Yes, because as the programme-maker rightly says.
"Smokers can't fail to be aware of the health risks, they scream out from every packet"
So no need for plain packaging then, surely?

Yet the subsequent 55 minutes ignored all that and became, as Christopher Stevens in the Mail put it, "not a documentary but a polemic" and all in favour of ... plain packaging.

There's a reason for that, as Stevens also alluded to.
[Documentary veteran Peter Taylor] only knows one tune: The Evils Of Tobacco
Because, as he admits in his show, he's been playing this scratched record for 40 years now. How the BBC could not be aware that he would produce something so one-sided and contrary to their stated aims of fairness, impartiality and political independence is anyone's guess. Perhaps the BBC didn't give a stuff, I dunno.

However, they should very much care because Peter Taylor is one of the old school prohibitionists, the ones described so very well by George Ade in 1931 when America was finally waking up to the horror of alcohol prohibition.
The non-drinkers had been organising for fifty years and the drinkers had no organization whatsoever. They had been too busy drinking.
Taylor has been despising tobacco companies for nearly as long as I've been alive! While the rest of us have been enjoying life and having adventures, this man has dedicated himself to a particular sad hateful obsession. How can we blame him for taking advantage of the BBC's lax standards to produce a quite appalling piece of one-sided, timely political indoctrination on their mainstream highbrow channel?

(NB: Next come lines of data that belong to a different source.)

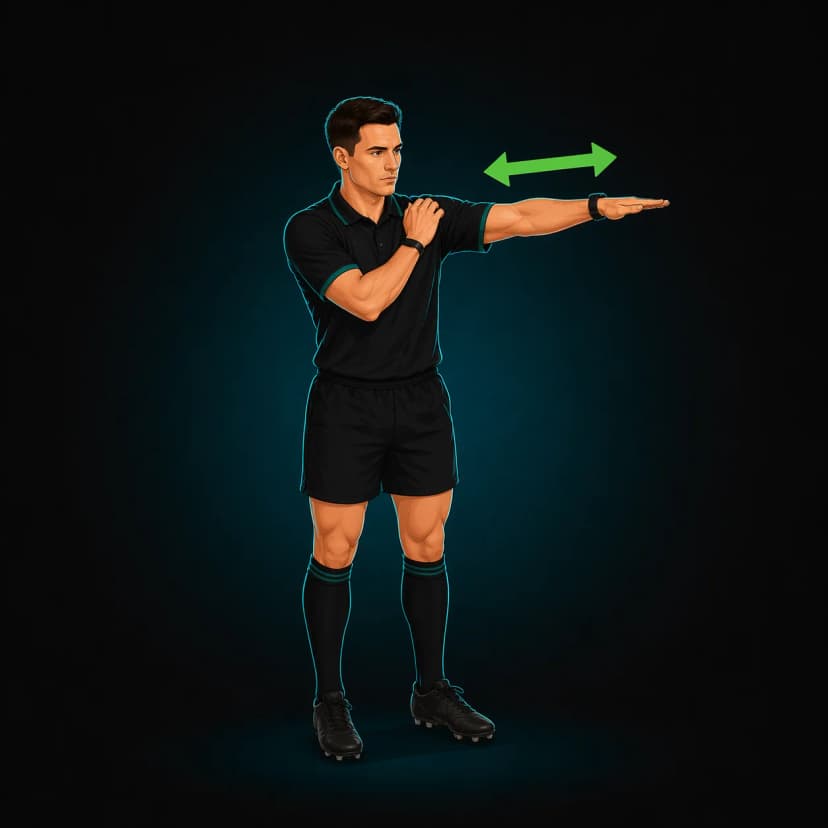 Failure to Bind: referee wraps one hand around the wrist of the other arm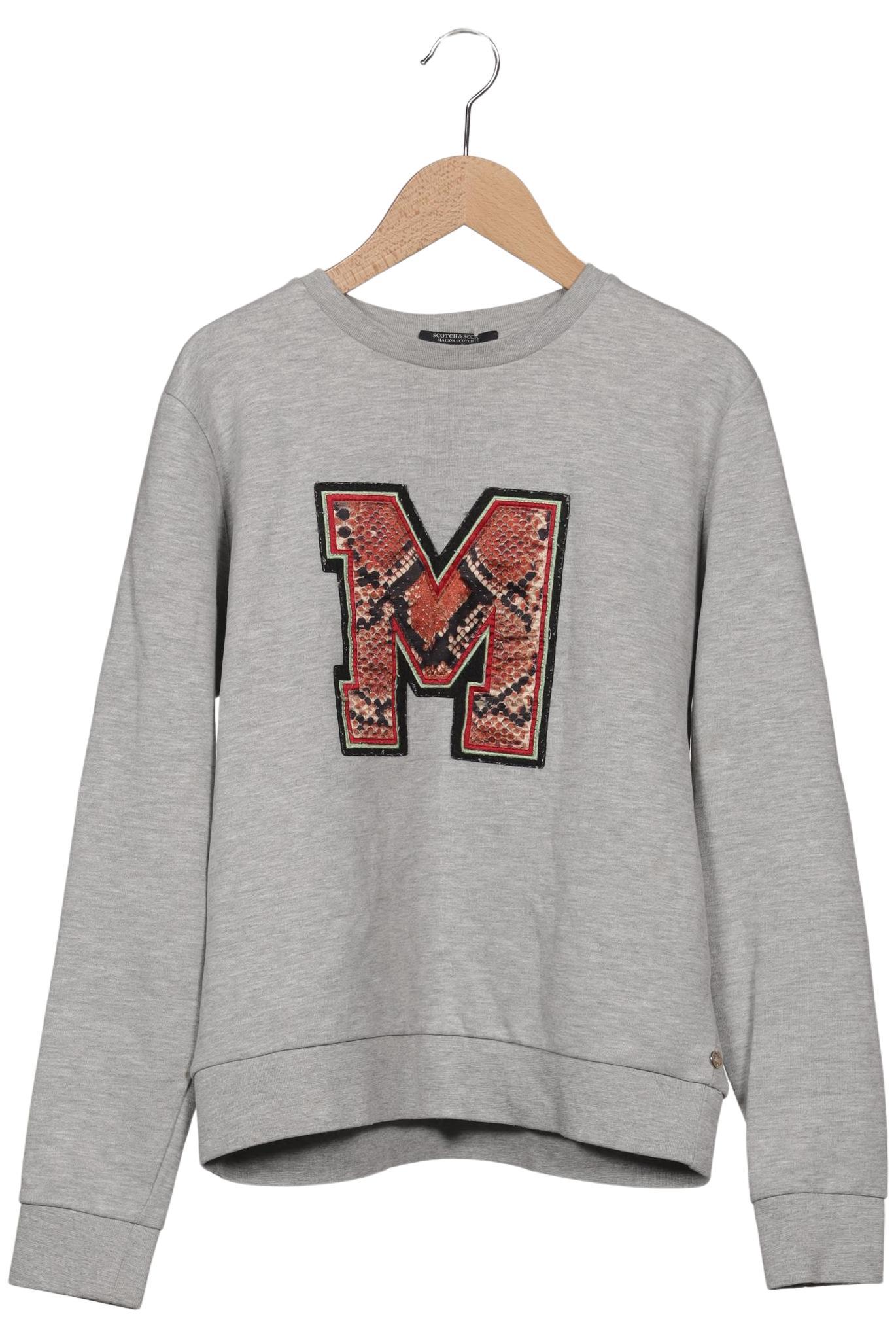 

Maison Scotch Damen Sweatshirt, grau, Gr. 36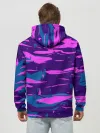Худи мужской база хлопок / CYBERSTYLE NEON CAMOUFLAGE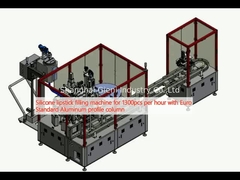 Silikon Lippenstiftfüllmaschine für 1300 Stück pro Stunde mit Euro Standard Aluminium Profil Spalte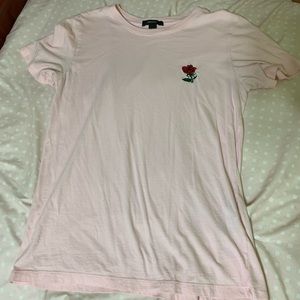 rose graphic tee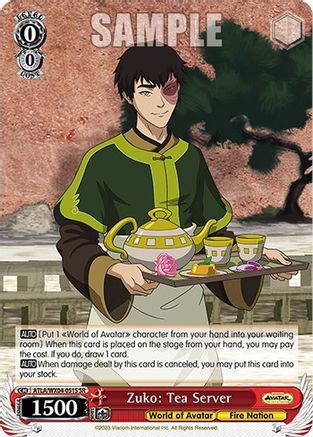 Image of Zuko: Tea Server (SR) (ATLA/WX04-051S SR) - Avatar: The Last Airbender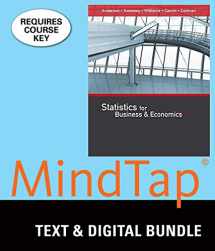 9781337127264-1337127264-Bundle: Statistics for Business & Economics, Loose-leaf Version, 13th + MindTap Business Statistics with XLSTAT, 2 terms (12 months) Printed Access Card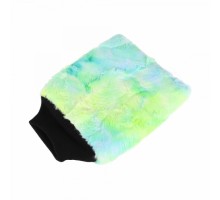 Color-pop wash mitt (20x25cm) Плющевая особо-мягкая рукавица для мойки, зеленая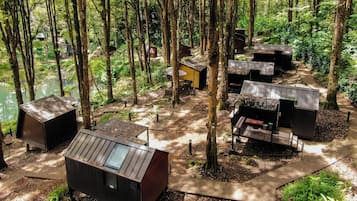 Façade de l’hébergement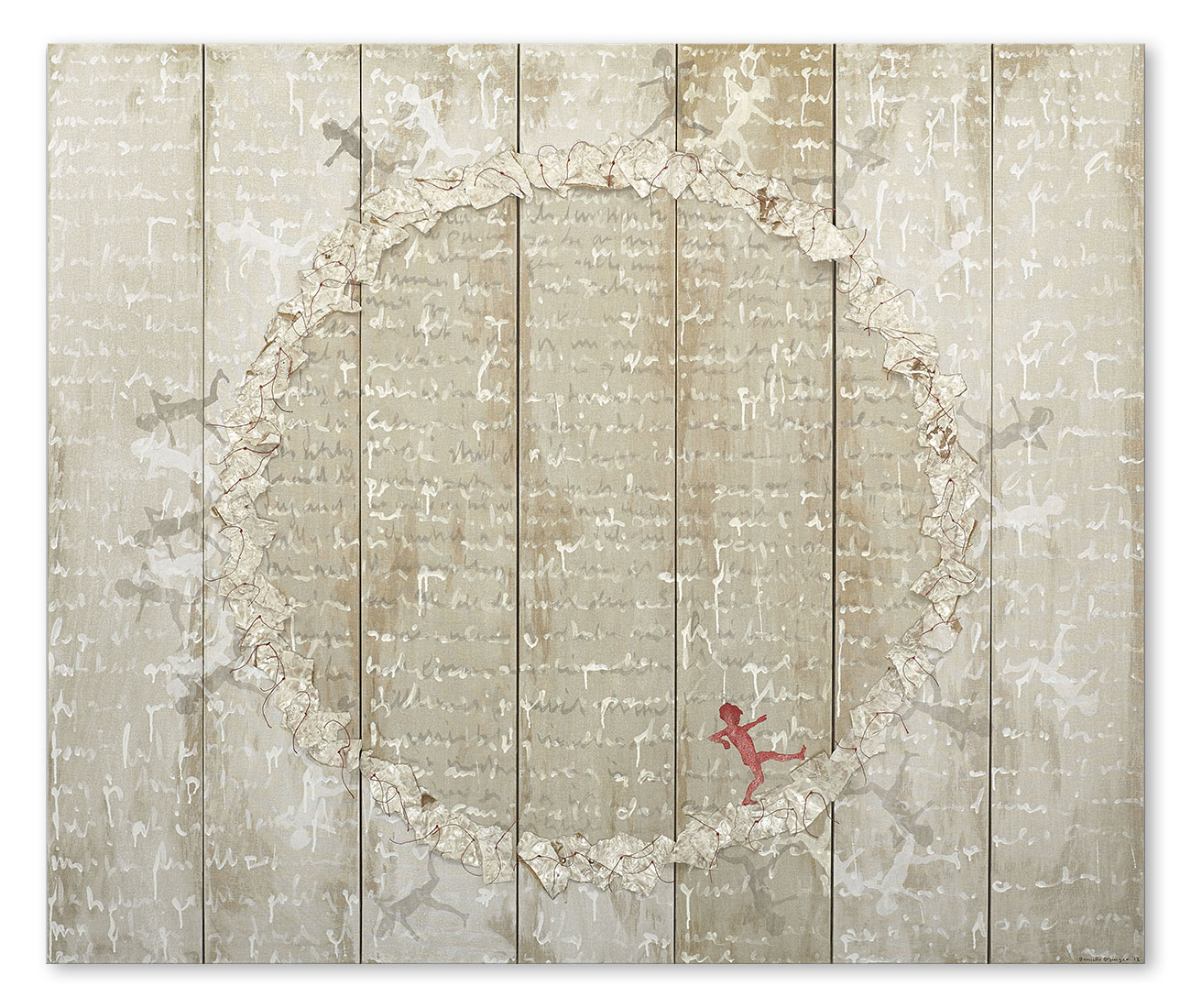 LIFE CIRCLE II, 2013 | Mixed media on canvas 150cm x 175cm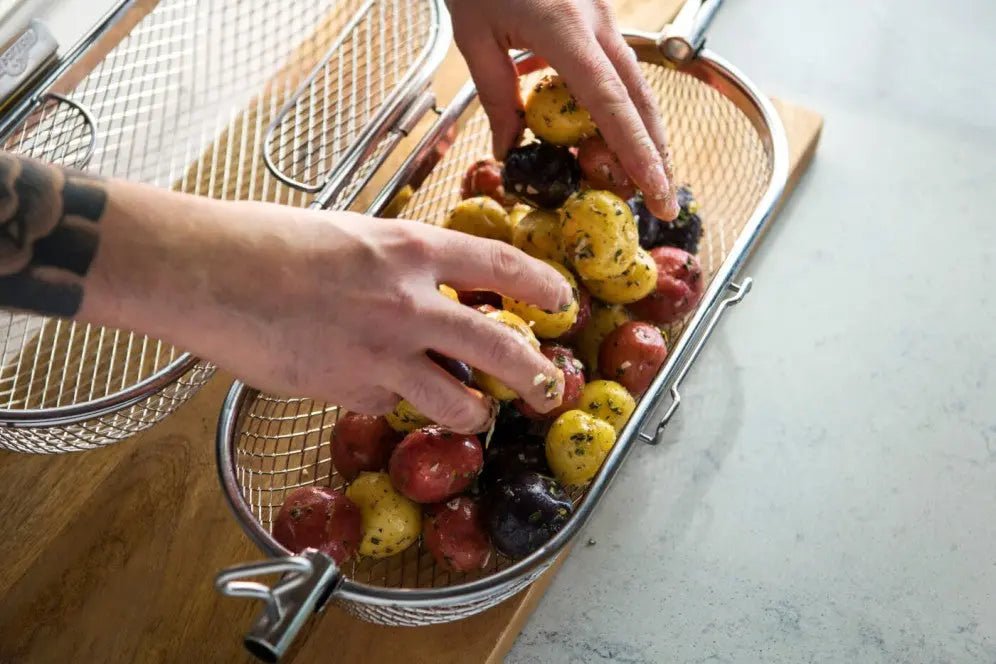 Napoleon Rotisserie Grill Basket - 64000 - by Napoleon | Buy at Agent BBQ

After all, he makes it clear early on what his game is.
"Who finally wins the decisive battle over plain packaging has still to be decided"
This is true. The political debate is not yet over, especially considering those not consumed with hatred like Taylor are significantly opposed to plain packaging, despite the health lobby trying to ignore it. But Taylor seized his chance and used the BBC like a cheap whore to try to sway the "decisive battle" in favour of his corrupt tobacco control industry friends.

He was recently described as “honest, scrupulously fair and deeply insightful” but there was no sign of that in Thursday's offering, just snidey editing and policy-led advocacy which goes against everything the BBC claims to care about.

Perhaps someone should mention it to them.


7 comments:

PJHH said...

"It doesn't carry ads..."

Objection M'lud - it's full of adverts.

Radio 2 advertising Eastenders.

BBC 1 advertising Just a Minute.

Any news item featuring something upcoming on some BBC channel.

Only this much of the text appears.